Instructions to follow: Below are some records. Print exactly the lines between the one holding "League of Legends" and the one holding "Achat de BREMBO", inclusive, and nothing else.

Caption-style text data:
* * * * * * *

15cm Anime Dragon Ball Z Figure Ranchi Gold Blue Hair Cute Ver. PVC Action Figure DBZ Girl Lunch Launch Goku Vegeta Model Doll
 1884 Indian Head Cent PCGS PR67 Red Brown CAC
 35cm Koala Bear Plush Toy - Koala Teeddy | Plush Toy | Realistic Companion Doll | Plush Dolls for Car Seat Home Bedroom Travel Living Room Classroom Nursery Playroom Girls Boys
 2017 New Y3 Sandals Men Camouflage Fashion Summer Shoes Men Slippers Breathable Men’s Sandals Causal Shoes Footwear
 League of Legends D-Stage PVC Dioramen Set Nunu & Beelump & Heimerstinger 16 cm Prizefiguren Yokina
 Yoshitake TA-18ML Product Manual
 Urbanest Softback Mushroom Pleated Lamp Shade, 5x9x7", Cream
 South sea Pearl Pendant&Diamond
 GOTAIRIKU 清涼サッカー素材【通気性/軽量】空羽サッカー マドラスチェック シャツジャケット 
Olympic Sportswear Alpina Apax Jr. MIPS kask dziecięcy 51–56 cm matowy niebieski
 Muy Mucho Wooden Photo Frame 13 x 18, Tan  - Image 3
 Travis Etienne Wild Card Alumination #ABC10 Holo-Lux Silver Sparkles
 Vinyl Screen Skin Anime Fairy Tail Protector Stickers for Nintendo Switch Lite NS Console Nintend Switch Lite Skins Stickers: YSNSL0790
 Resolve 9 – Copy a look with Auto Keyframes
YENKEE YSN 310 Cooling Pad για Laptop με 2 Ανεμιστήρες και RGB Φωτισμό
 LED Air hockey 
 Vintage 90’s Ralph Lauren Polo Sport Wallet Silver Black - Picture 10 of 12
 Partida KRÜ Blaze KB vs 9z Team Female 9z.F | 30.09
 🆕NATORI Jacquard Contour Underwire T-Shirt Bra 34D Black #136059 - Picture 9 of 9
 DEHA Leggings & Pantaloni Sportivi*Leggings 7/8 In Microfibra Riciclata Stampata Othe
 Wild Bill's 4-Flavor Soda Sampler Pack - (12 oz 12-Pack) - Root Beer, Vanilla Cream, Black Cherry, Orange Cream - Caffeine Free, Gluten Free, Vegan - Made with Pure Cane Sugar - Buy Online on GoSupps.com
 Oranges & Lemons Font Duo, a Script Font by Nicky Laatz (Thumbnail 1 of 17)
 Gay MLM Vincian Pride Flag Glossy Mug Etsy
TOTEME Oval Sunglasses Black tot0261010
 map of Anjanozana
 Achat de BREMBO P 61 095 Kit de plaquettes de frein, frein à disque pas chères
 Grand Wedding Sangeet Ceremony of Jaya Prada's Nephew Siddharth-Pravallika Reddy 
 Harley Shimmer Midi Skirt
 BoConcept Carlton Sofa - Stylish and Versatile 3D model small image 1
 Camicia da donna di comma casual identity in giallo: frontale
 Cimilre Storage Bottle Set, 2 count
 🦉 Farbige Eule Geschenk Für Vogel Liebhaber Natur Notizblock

* * * * * * *

Exercise result:
 League of Legends D-Stage PVC Dioramen Set Nunu & Beelump & Heimerstinger 16 cm Prizefiguren Yokina
 Yoshitake TA-18ML Product Manual
 Urbanest Softback Mushroom Pleated Lamp Shade, 5x9x7", Cream
 South sea Pearl Pendant&Diamond
 GOTAIRIKU 清涼サッカー素材【通気性/軽量】空羽サッカー マドラスチェック シャツジャケット 
Olympic Sportswear Alpina Apax Jr. MIPS kask dziecięcy 51–56 cm matowy niebieski
 Muy Mucho Wooden Photo Frame 13 x 18, Tan  - Image 3
 Travis Etienne Wild Card Alumination #ABC10 Holo-Lux Silver Sparkles
 Vinyl Screen Skin Anime Fairy Tail Protector Stickers for Nintendo Switch Lite NS Console Nintend Switch Lite Skins Stickers: YSNSL0790
 Resolve 9 – Copy a look with Auto Keyframes
YENKEE YSN 310 Cooling Pad για Laptop με 2 Ανεμιστήρες και RGB Φωτισμό
 LED Air hockey 
 Vintage 90’s Ralph Lauren Polo Sport Wallet Silver Black - Picture 10 of 12
 Partida KRÜ Blaze KB vs 9z Team Female 9z.F | 30.09
 🆕NATORI Jacquard Contour Underwire T-Shirt Bra 34D Black #136059 - Picture 9 of 9
 DEHA Leggings & Pantaloni Sportivi*Leggings 7/8 In Microfibra Riciclata Stampata Othe
 Wild Bill's 4-Flavor Soda Sampler Pack - (12 oz 12-Pack) - Root Beer, Vanilla Cream, Black Cherry, Orange Cream - Caffeine Free, Gluten Free, Vegan - Made with Pure Cane Sugar - Buy Online on GoSupps.com
 Oranges & Lemons Font Duo, a Script Font by Nicky Laatz (Thumbnail 1 of 17)
 Gay MLM Vincian Pride Flag Glossy Mug Etsy
TOTEME Oval Sunglasses Black tot0261010
 map of Anjanozana
 Achat de BREMBO P 61 095 Kit de plaquettes de frein, frein à disque pas chères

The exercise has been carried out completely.